TASK TO COMPLETE:
From the entries below, output the line with "MetLife Stadium Sep" and each following line up to and including the line with "Kendal Grey photo 17 of 404", exactly as written.

DATASET ENTRIES:
++++

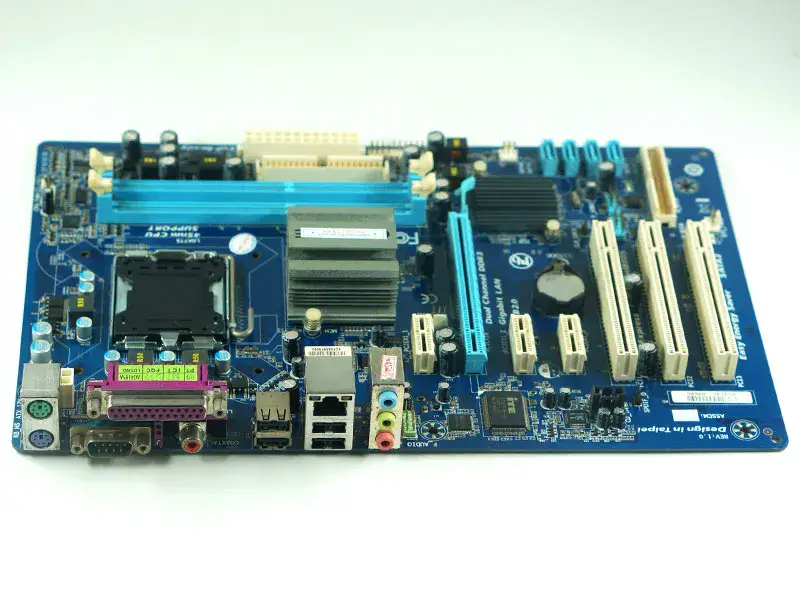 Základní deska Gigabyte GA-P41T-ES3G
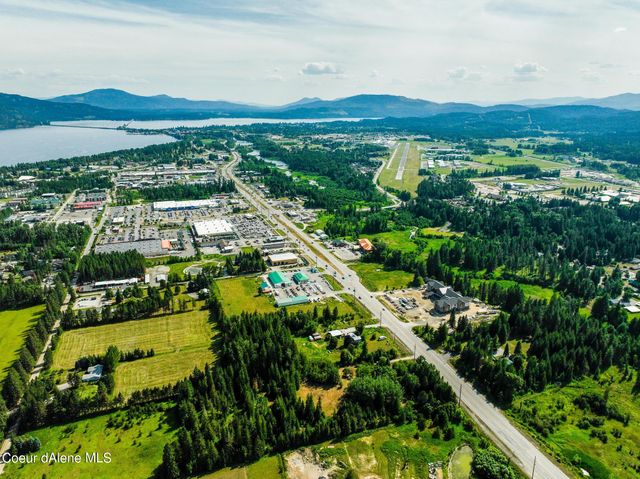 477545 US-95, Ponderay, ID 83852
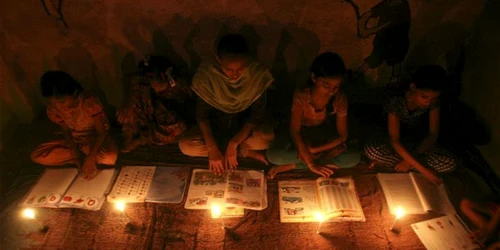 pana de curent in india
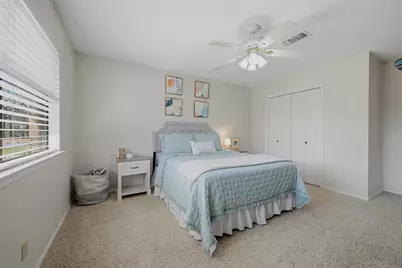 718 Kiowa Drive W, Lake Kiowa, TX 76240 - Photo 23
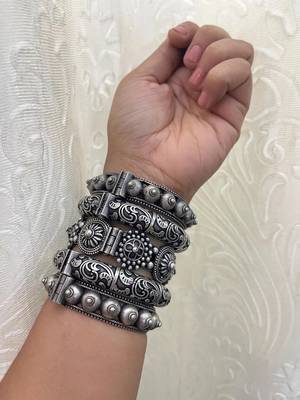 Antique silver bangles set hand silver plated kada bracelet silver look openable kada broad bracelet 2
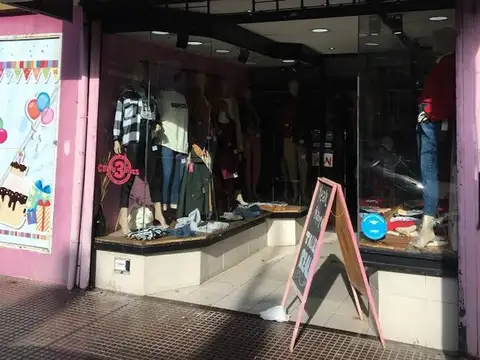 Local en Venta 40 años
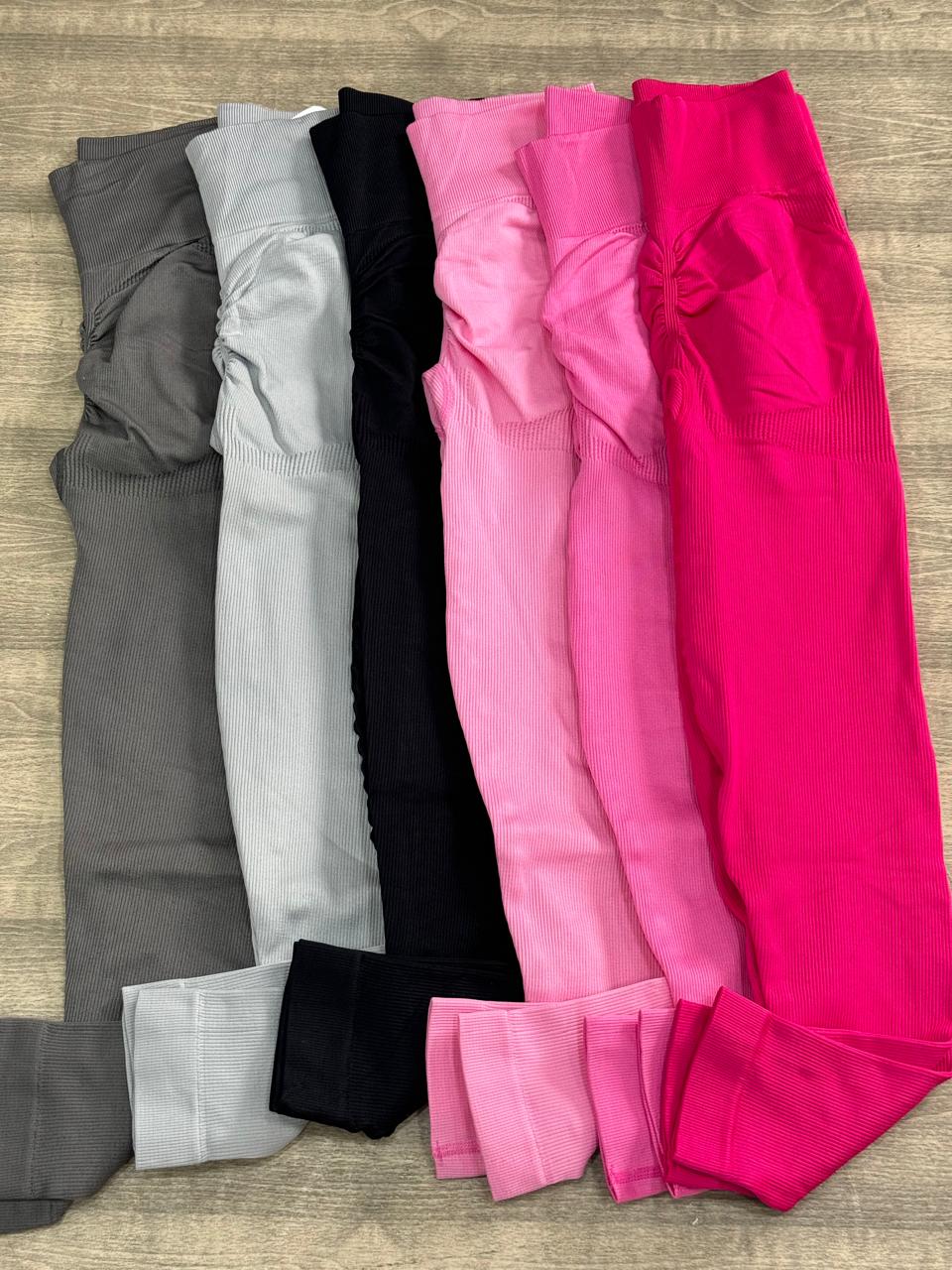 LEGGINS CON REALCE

++++

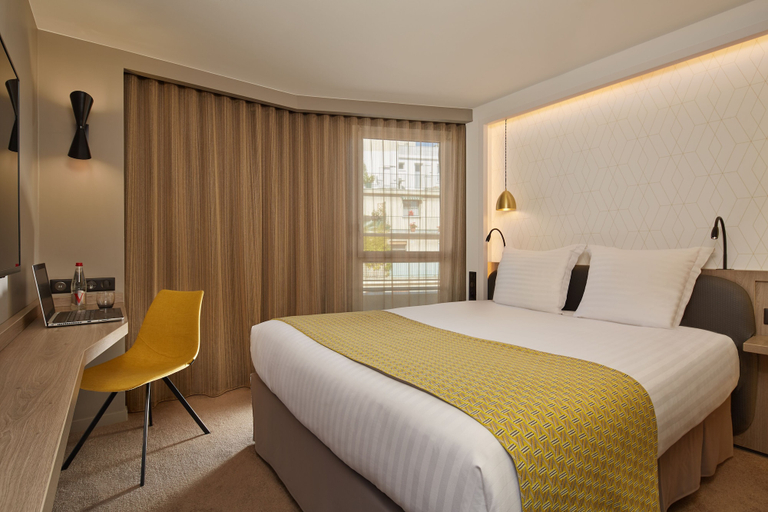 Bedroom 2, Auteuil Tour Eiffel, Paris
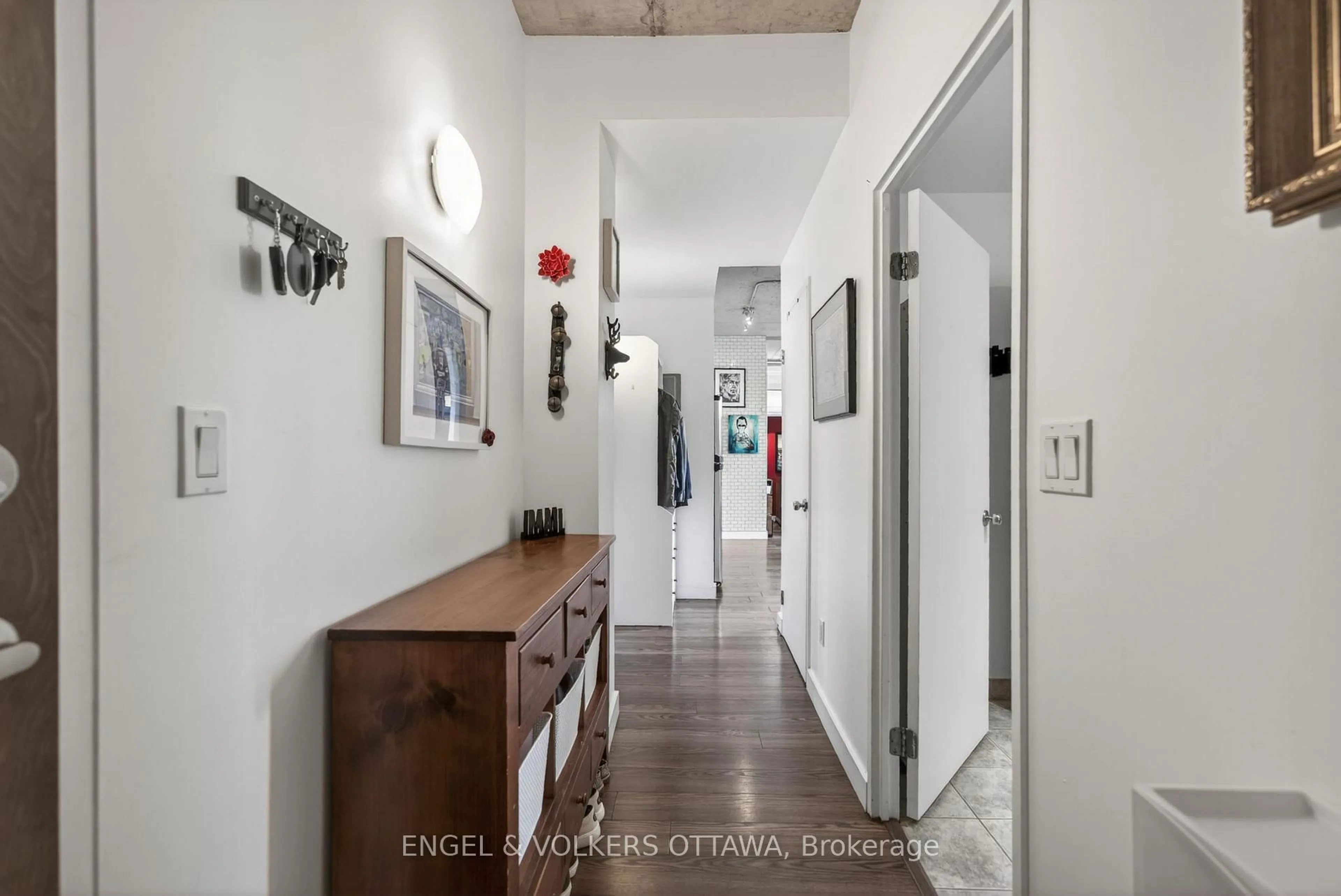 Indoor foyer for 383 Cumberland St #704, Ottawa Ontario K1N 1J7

++++

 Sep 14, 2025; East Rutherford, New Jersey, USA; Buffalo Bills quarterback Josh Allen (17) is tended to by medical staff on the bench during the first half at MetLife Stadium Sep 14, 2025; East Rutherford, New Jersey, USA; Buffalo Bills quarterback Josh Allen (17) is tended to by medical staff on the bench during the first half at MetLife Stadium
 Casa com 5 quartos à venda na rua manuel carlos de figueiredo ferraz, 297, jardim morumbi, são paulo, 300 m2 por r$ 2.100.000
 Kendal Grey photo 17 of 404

++++

RESULT:
 Sep 14, 2025; East Rutherford, New Jersey, USA; Buffalo Bills quarterback Josh Allen (17) is tended to by medical staff on the bench during the first half at MetLife Stadium Sep 14, 2025; East Rutherford, New Jersey, USA; Buffalo Bills quarterback Josh Allen (17) is tended to by medical staff on the bench during the first half at MetLife Stadium
 Casa com 5 quartos à venda na rua manuel carlos de figueiredo ferraz, 297, jardim morumbi, são paulo, 300 m2 por r$ 2.100.000
 Kendal Grey photo 17 of 404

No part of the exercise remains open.